- _Your task_:
Exactly the line with "Natural Purple Fluorite" and the lines that follow it, through the closing line of the entries, should be restated, with nothing left out or added.

- _The data_:
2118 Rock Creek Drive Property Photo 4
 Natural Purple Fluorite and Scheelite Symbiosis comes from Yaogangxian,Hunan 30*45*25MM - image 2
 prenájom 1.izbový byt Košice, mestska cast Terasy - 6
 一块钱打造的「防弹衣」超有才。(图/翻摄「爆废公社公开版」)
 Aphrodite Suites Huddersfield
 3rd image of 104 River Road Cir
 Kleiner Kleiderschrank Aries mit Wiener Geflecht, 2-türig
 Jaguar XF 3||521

- _Written reply_:
 Natural Purple Fluorite and Scheelite Symbiosis comes from Yaogangxian,Hunan 30*45*25MM - image 2
 prenájom 1.izbový byt Košice, mestska cast Terasy - 6
 一块钱打造的「防弹衣」超有才。(图/翻摄「爆废公社公开版」)
 Aphrodite Suites Huddersfield
 3rd image of 104 River Road Cir
 Kleiner Kleiderschrank Aries mit Wiener Geflecht, 2-türig
 Jaguar XF 3||521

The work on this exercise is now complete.